Scraped caption text data
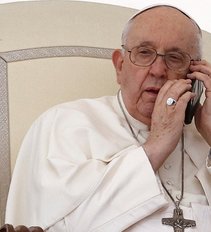 Popiežius kreipėsi į jaunimą: meskite šalin telefonus ir imkite į rankas Evangeliją  (nuotr. SCANPIX)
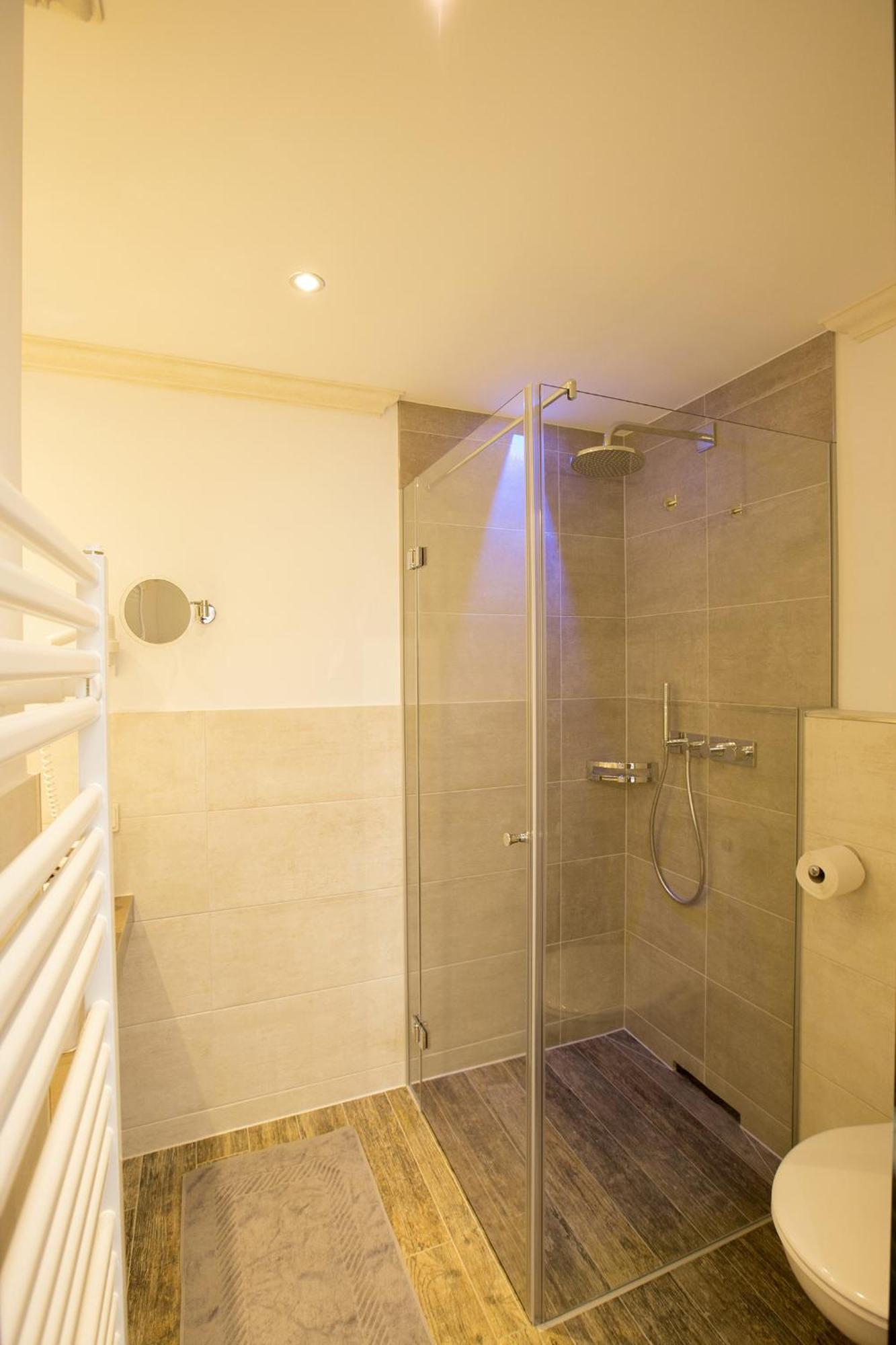 Hotel Tanzer イシュグル 部屋 写真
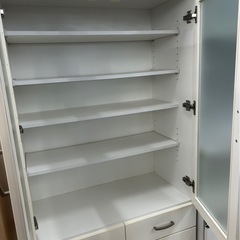 食器棚の画像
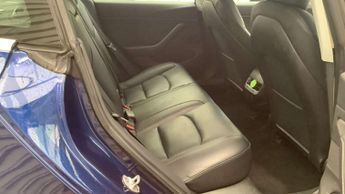 TESLA MODEL 3 Model 3 Standard Range + 4dr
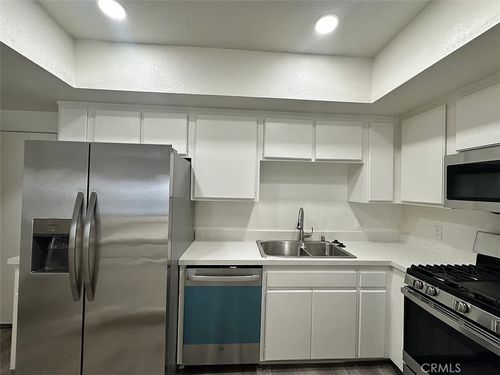 4940 Lewis Road, Agoura Hills, CA, 91301 | Card Image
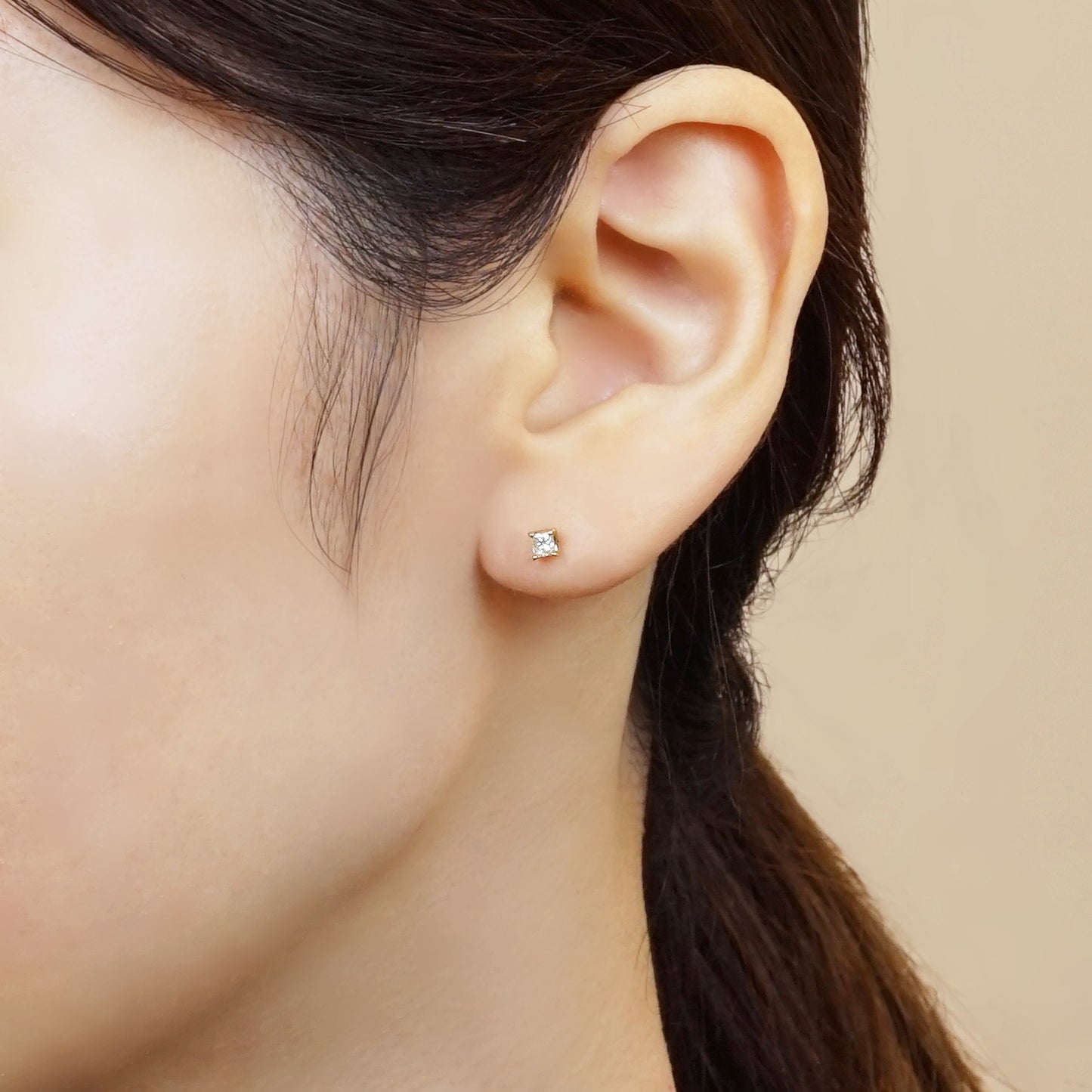 [Second Earrings] 18K Princess Cut Diamond Earrings 0.18ct (Yellow Gold) - Model Image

## WORK ORDER
The response must repeat all the lines above exactly and include no pictures.

## OUTPUT FOR THIS TASK
 Popiežius kreipėsi į jaunimą: meskite šalin telefonus ir imkite į rankas Evangeliją  (nuotr. SCANPIX)
 Hotel Tanzer イシュグル 部屋 写真
 食器棚の画像
 TESLA MODEL 3 Model 3 Standard Range + 4dr
 4940 Lewis Road, Agoura Hills, CA, 91301 | Card Image
 [Second Earrings] 18K Princess Cut Diamond Earrings 0.18ct (Yellow Gold) - Model Image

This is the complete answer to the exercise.